Overlapping Allan deviation is a variant of the original Allan deviation that provides better statistical confidence [26]. Modified Allan deviation given by the square root of (20) is another variant that can additionally distinguish between noise behaviors having  $\alpha \ge 1$  [27]. Here, the measurement interval  $\tau = a\tau_o$ , where *a* is the averaging factor and  $\tau_o$  is the basic measurement interval:

$$Mod \ \sigma^{2}(\tau) = \frac{1}{2a^{2}\tau^{2}(n-3a+1)} \times \sum_{j=1}^{N-3a+1} \left\{ \sum_{i=j}^{j+a-1} [\Phi_{i+2a} - 2\Phi_{i+a} + \Phi_{i}] \right\}^{2}.$$
(20)

Different frequency domain noise profiles can be identified by measuring the slope of modified Allan deviation  $(Mod \sigma^2(\tau))$  on a log-log scale. White FM and Flicker FM have a slope of -1/2 and 0, respectively. Sections V-VII of this article use modified Allan deviation to characterize the frequency stability of CPOs at different timescales. The dynamic phase error correction properties and the settling time associated with them are represented on modified Allan deviation plots by an initial high-slope (<-1/2) region. For comparing the jitter of CPOs operating at different frequencies, the Allan deviation values are scaled by the oscillation period ( $T_o$ ) and plotted as a function of number of clock cycles. This metric is termed "jitter stability" in this article and the *k*-cycle jitter stability, J[k] is defined as follows:

Jitter Stability, 
$$J[k] = Mod \ \sigma(kT_o) * T_o.$$
 (21)

#### V. BEHAVIORAL SYSTEM SIMULATOR

The aim of building the behavioral simulator was to: 1) verify the residual phase error expression in the general analytic solution of CPOs [see (16)] when injected by impulse noise; 2) analyze settling time behaviors of higher order loops; and 3) analyze the dependence of design parameters on frequency stability of CPOs under continuous power-law noise injection. Fundamentally, the simulator is built upon the same abstract model as the analytic solutions. The details of the behavioral simulator are summarized as follows.
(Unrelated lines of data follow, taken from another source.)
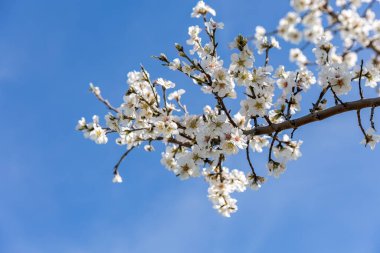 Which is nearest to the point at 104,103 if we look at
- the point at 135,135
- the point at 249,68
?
the point at 135,135

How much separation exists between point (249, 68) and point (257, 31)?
40.1 inches

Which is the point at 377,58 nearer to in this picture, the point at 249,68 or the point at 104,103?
the point at 249,68

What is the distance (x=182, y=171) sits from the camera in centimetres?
613

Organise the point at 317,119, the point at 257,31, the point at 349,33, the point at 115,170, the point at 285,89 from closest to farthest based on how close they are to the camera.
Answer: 1. the point at 349,33
2. the point at 257,31
3. the point at 317,119
4. the point at 285,89
5. the point at 115,170

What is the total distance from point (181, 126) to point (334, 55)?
6.24ft

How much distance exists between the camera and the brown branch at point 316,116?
535cm

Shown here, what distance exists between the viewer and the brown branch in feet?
17.6

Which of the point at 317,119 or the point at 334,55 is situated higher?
the point at 334,55

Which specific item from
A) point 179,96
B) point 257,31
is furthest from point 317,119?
point 179,96

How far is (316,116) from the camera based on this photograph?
5.53m

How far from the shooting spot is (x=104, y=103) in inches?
247

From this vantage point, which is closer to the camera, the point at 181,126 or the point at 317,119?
the point at 317,119

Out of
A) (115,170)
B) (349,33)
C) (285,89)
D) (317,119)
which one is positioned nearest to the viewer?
(349,33)

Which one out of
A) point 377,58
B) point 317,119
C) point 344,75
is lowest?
point 377,58
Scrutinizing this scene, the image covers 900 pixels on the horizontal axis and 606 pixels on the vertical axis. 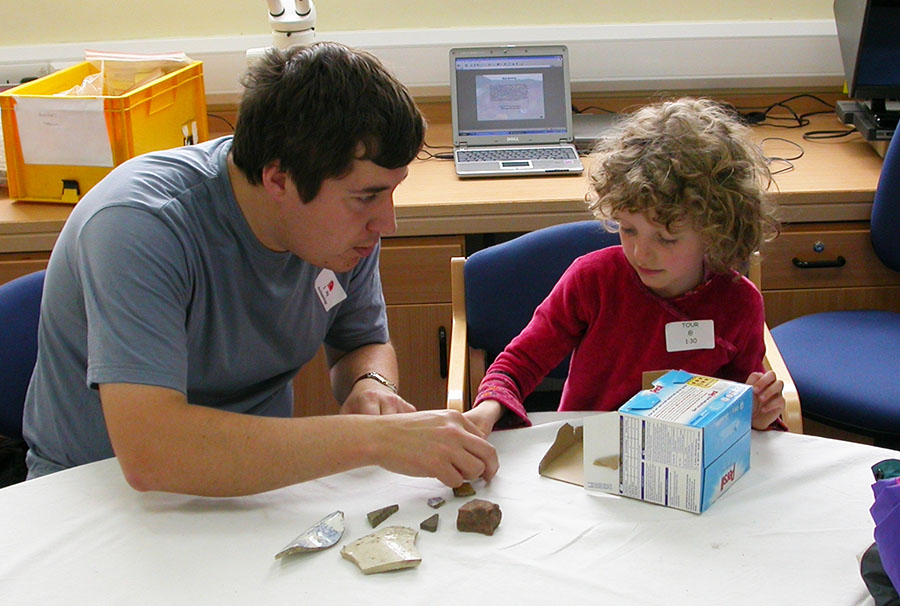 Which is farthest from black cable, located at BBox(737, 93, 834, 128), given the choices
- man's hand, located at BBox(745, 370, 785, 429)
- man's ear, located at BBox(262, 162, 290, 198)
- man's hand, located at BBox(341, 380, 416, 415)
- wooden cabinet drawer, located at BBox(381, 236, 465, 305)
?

1) Pulse gates are abstracted as nodes that compute the arrival time of the output pulse based on the arrival time of the input pulse and the gate delay. The gate delay is modeled by linear and repulsive (m < 0) delay–separation dynamics and is given by

$$t_{Dp} = b + m\tau. \tag{22}$$

- 2) Pulses are assumed to be traversing a simple loop of pulse gates as shown in Fig. 1.
- 3) Pulse arrival times are the state variables initialized for the first two cycles and then updated sequentially.
- 4) Each gate can be injected by noise when a pulse arrives at its input. The noise injection is modeled by a perturbation of the pulse arrival time. This perturbation can either be an impulse, where only one gate is injected by noise at a given pulse arrival, or can be modeled as injection of white FM and/or flicker FM noise sources at each gate and at each pulse arrival.
- 5) For a g-gate CPO, the maximum number of pulses p equals the number of gates g.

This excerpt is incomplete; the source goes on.